French energy giant Total defied US pressure on Monday by signing a multi-billion-dollar gas deal with Iran, the first by a European firm in more than a decade.
Total will invest an initial $1 billion (880 million euros) in the South Pars offshore gas field as part of a consortium with Chinese and Iranian firms.
The 20-year project, which will eventually see the firms inject $4.9 billion, is by far the biggest vote of confidence in the Islamic republic since sanctions were lifted under a 2015 nuclear deal with world powers.
"Today, for Total, is a historic day, the day we come back to Iran," Total CEO Patrick Pouyanne said at the signing ceremony in Tehran.
"We aren't a political organisation, but I hope this agreement will encourage other companies to come to Iran because economic development is also a way of building peace," he told AFP.
"We are here to build bridges, not walls," he added.
The project in South Pars, a field shared between Iran and Qatar, is the first under a new Iranian Petroleum Contract which offers better terms to foreign investors but has faced intense criticism from hardliners who said it was too generous.
Oil Minister Bijan Namadar Zanganeh said the deal was a direct result of moderate President Hassan Rouhani's resounding re-election victory in May and strong public support for rebuilding ties with the West.

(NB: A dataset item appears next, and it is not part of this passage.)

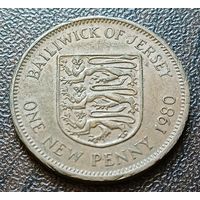 Джерси 1 новый пенни, 1980    ( 1-3-3 )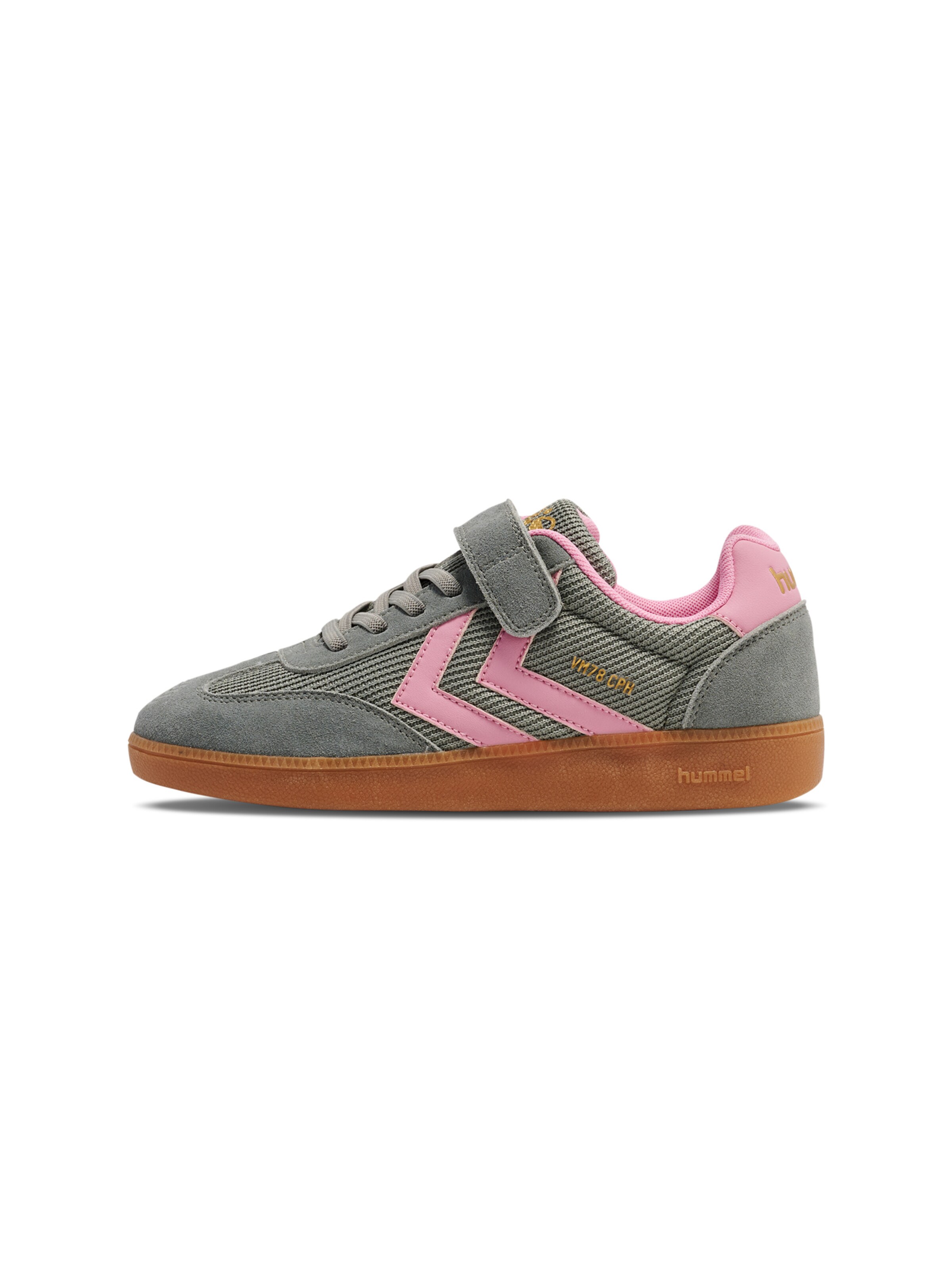 Hummel Sneakers in Grey: front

"The people said firmly that our oil policies should continue," he said. "We shall never forget Total being the forerunner."
Zanganeh said Iran's oil industry needs some $200 billion in investment over the next five years, and European firms have been hungrily eyeing opportunities in a country with the world's second-largest gas reserves and fourth-largest oil reserves.
But they have been cautious about investing due to continuing US sanctions.
Total has appointed a compliance officer with the sole task of ensuring it does not fall foul of US measures against Iran.
In particular, it must prevent cash flowing to Iran's elite Revolutionary Guards -- a tall order given their extensive and shadowy presence across the Iranian economy.
Just a fortnight ago, the US Senate overwhelmingly passed a bill targeting the Guards over their involvement in regional conflicts and the country's ballistic missile programme.
The White House is also in the midst of a 90-day review on whether to abandon the nuclear deal entirely, which President Donald Trump threatened to do during his election campaign.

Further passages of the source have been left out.